Individual cases of the condition have been reported showing successful treatment responses and no relapses of symptoms. In fact, some of the newer research shows many Balo disease cases are harmless and self-limited with the potential for spontaneous remission. Remission in autoimmune diseases, MS, and Balo’s, is a period where disease symptoms subside for a period of time.

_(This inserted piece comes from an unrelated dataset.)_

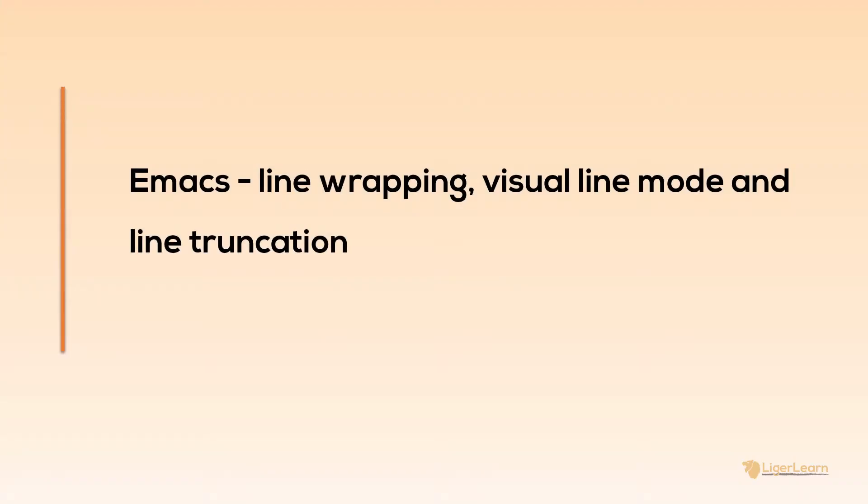In this video, we're going to discuss the default line wrapping behavior within Emacs and the different ways in which you can customize it.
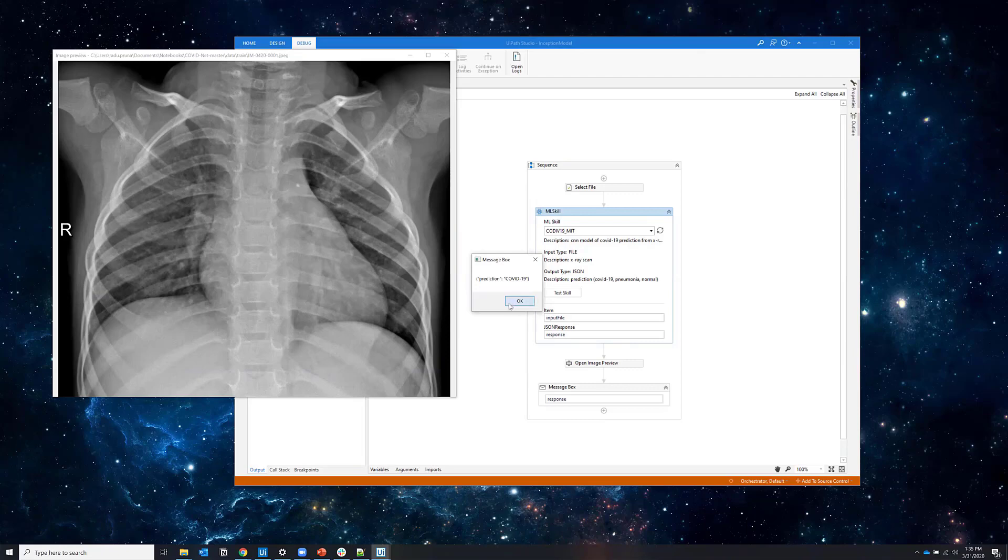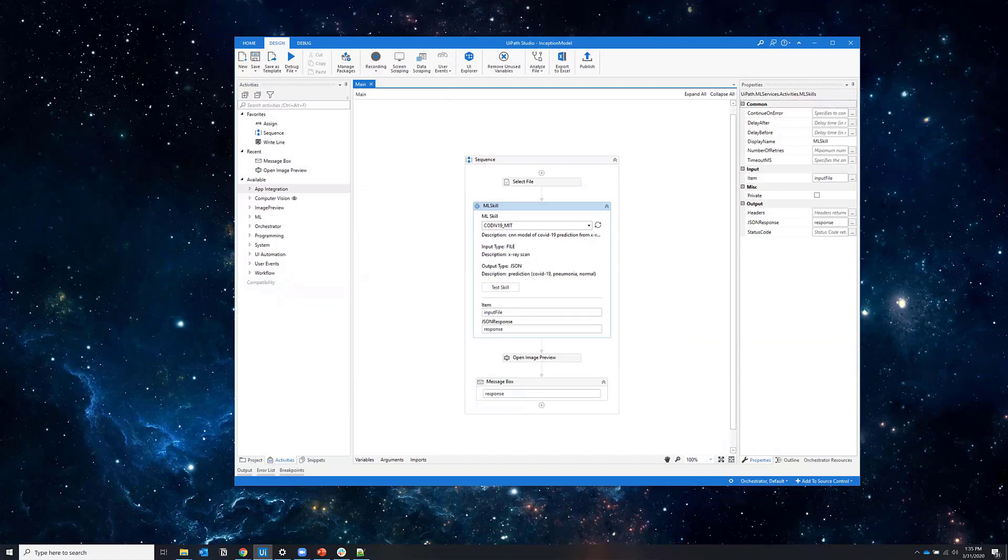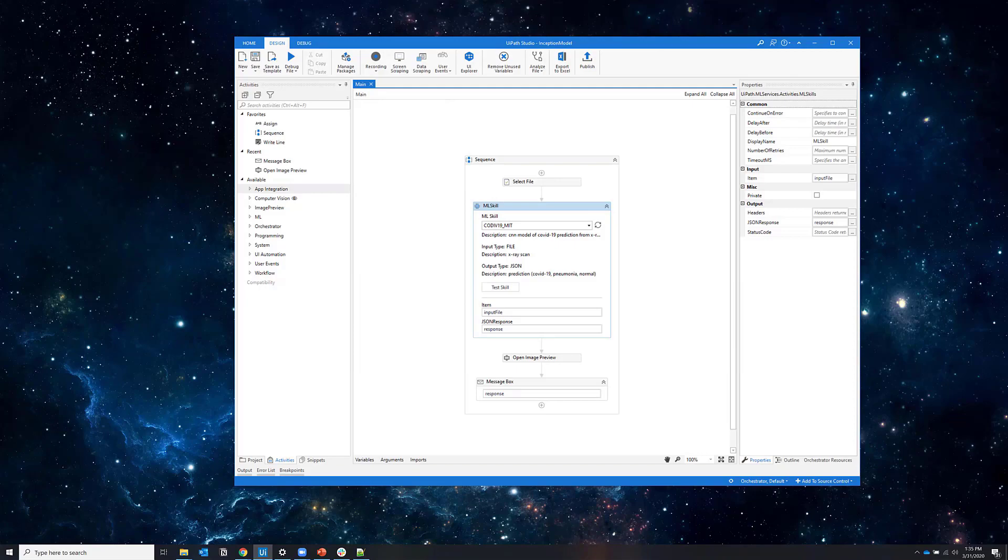Please note that this is not a production ready solution and it hasn't been validated by any external health organization. It is just a preliminary experiment that obviously lacks x-ray data.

The prognosis for Balo disease can be positive. At the 2016 Annual Meeting of the Consortium of Multiple Sclerosis Centers (CMSC), the case of a 46-year-old woman with Balo’s disease was discussed. The woman was diagnosed with Balo disease ten years prior and was showing continuing radiological and clinical stability. In her ten-year course with the disease, the woman, who was having regular MRIs, experienced three relapses and was successfully treated with Rebif (interferon beta 1-a) , an anti-inflammatory medication for people with MS.
A Word From Get Meds Info
Talk to your healthcare provider if you are experiencing frequent headaches and muscle pain, spasms, and weakness, and don’t delay treatment if you experience a seizure, paralysis, problems with speaking, concentration or understanding others, or severe behavior changes. Balo’s disease can be treated successfully if diagnosed and treated early.
Balo disease can result in severe disability or death if left untreated. Most people fare well once they have treated with corticosteroids. The number of people with Balo disease who survive and experience remission is increasing. Further, there are a number of people who never experience symptoms and whose disease never progresses.